A reasonable policy might include:

  • Every AI-generated test must have a named human reviewer before merge.
  • The reviewer must validate the scenario, assertions, and locator strategy.
  • The test must have an owner after merge.
  • Fragile selectors and overly specific text assertions should be removed unless intentionally required.
  • The test must be placed at the correct layer, end-to-end, API, or component-level.
  • Any generated test that is not understandable after review should not be merged.

That last point is important. If nobody on the team can explain what the test does, then the suite is acquiring opacity, not coverage.

What about speed, won’t review slow teams down?

It will slow them down a little, and that is a feature, not a bug.

The goal is not to remove all friction. The goal is to apply friction where errors are expensive. Merging a low-quality test is cheap in the moment and expensive later, because every flaky or misleading test consumes CI time, engineer attention, and release confidence.

A 10 minute review that prevents a month of maintenance is a good trade.

Teams that worry about throughput can reduce the burden by making review lightweight and structured. Use a checklist, keep generated tests readable, and review only the parts that carry risk. The review does not need to be ceremonial. It just needs to happen.

A final standard worth keeping

AI-generated tests are best treated as drafts, not authorities. They can generate valuable scaffolding, but they cannot decide what your team should trust before release.

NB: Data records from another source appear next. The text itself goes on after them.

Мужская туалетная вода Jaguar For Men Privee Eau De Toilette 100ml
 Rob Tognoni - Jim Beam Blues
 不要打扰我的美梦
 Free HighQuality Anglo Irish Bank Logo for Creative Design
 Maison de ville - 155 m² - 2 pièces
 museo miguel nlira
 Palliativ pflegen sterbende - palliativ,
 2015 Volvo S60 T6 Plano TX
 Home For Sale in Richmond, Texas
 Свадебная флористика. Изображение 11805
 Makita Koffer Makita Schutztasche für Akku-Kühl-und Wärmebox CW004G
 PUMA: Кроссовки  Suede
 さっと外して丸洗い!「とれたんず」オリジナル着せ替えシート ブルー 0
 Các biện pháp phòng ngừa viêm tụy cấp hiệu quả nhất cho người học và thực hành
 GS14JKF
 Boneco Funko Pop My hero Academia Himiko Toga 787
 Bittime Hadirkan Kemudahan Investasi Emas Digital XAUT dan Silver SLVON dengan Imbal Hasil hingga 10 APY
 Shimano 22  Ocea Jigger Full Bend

That job belongs to reviewers who understand the product, the risk, and the suite as a whole.

If you want AI to help with test creation, let it do the fast parts. If you want a reliable code review workflow, let humans do the judgment parts. That combination is what preserves regression safety while still moving quickly.

The practical rule is simple, if a test is important enough to guard a merge, it is important enough for a human to inspect before it joins the suite.